3.3 Tax Withholding. To meet the obligations of the Company with respect to any and all income tax, (including federal, state and local taxes), social insurance contributions, payroll tax, payment on account or other tax-related withholding (“Tax-Related Items”) under any applicable domestic or foreign, federal, state or local statute, ordinance, rule, or regulation in connection with any aspect of the Restricted Stock Units, including the grant of the Restricted Stock Units, the vesting of the Restricted Stock Units, the conversion of the Restricted Stock Units into shares or the receipt of an equivalent cash payment, the subsequent sale of any shares acquired at vesting and the receipt of any dividends, the Committee shall require that the Company withhold a number of whole shares of Company Stock otherwise deliverable having a Fair Market Value sufficient to satisfy the statutory minimum (or such higher amount as is allowable without adverse accounting consequences) of the Participant’s estimated total obligation for Tax-Related Items associated with any aspect of the Restricted Stock Units.

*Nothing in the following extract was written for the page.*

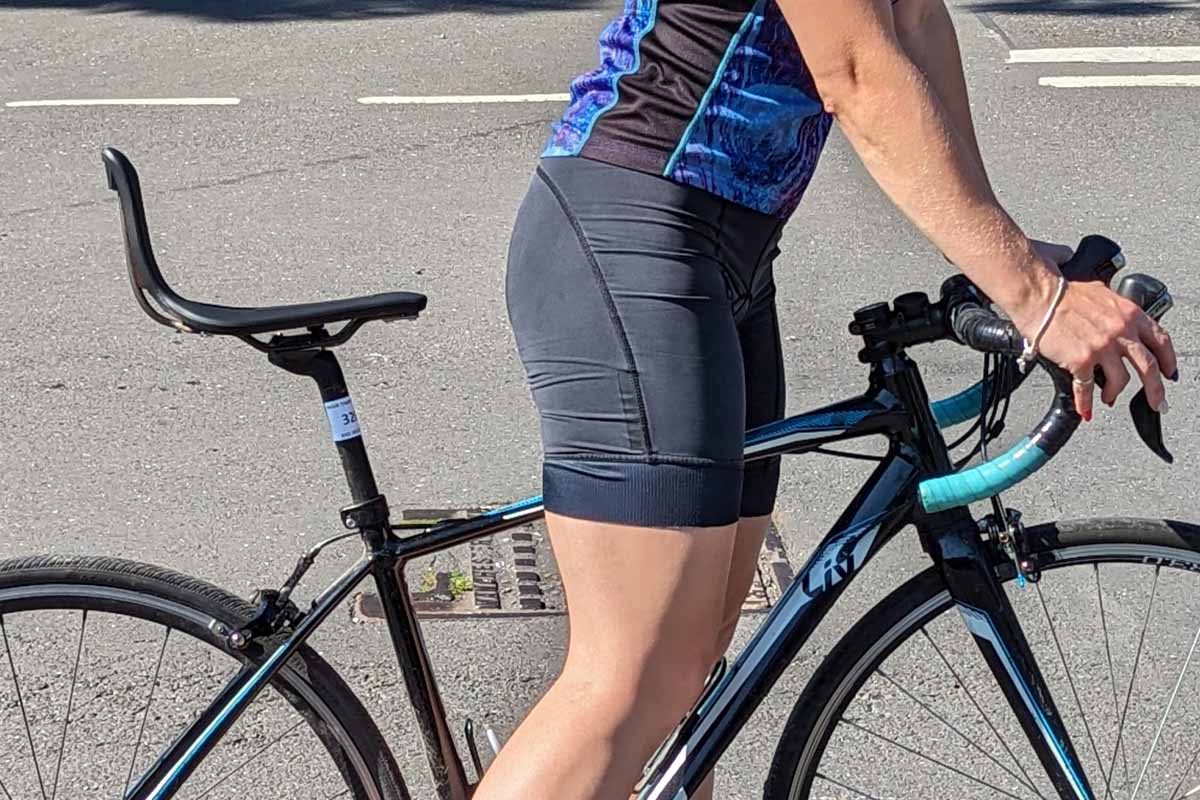 Une nouvelle selle de vélo qui procure un soutien naturel pour le bas du dos.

The Company may also in lieu of or in addition to the foregoing, at its sole discretion, (i) require the Participant to deposit with the Company an amount of cash sufficient to meet his or her obligation for Tax-Related Items , (ii) withhold the required amounts from the Participant’s pay during the pay periods next following the date on which any such applicable tax liability otherwise arises, and/or (iii) sell or arrange for the sale of shares to be issued on the vesting of the Restricted Stock Units to satisfy the Participant’s and the Company’s obligation for Tax-Related Items. If the Participant’s and/or the Company’s obligation for Tax-Related Items is satisfied as described in (iii) of this section, the Company will endeavor to sell only the number of shares required to satisfy the Participant’s and the Company’s obligation for Tax-Related Items; however, the Participant agrees that the Company may sell more shares than necessary to cover the Tax-Related Items. The Company shall not deliver any of the shares of Company Stock until and unless the Participant has made the deposit required herein or proper provision for required withholding has been made. The Participant hereby consents to any action reasonably taken by the Company to meet his or her obligation for Tax-Related Items

3.4 Certificate Registration. The certificate for the shares as to which the Award is settled shall be registered in the name of the Participant, or, if applicable, in the names of the heirs of the Participant.

3.5 Restrictions on Grant of the Award and Issuance of Shares. The grant of the Award and issuance of shares of Stock upon settlement of the Award shall be subject to compliance with all applicable requirements of federal, state or foreign law with respect to such securities. No shares of Stock may be issued hereunder if the issuance of such shares would constitute a violation of any applicable federal, state or foreign securities laws or other law or regulations or the requirements of any stock exchange or market system upon which the Stock may then be listed. The inability of the Company to obtain from any regulatory body having jurisdiction the authority, if any, deemed by the Company’s legal counsel to be necessary to the lawful issuance and sale of any shares subject to the Award shall relieve the Company of any liability in respect of the failure to issue or sell such shares as to which such requisite authority shall not have been obtained. As a condition to the settlement of the Award, the Company may require the Participant to satisfy any qualifications that may be necessary or appropriate, to evidence compliance with any applicable law or regulation and to make any representation or warranty with respect thereto as may be requested by the Company.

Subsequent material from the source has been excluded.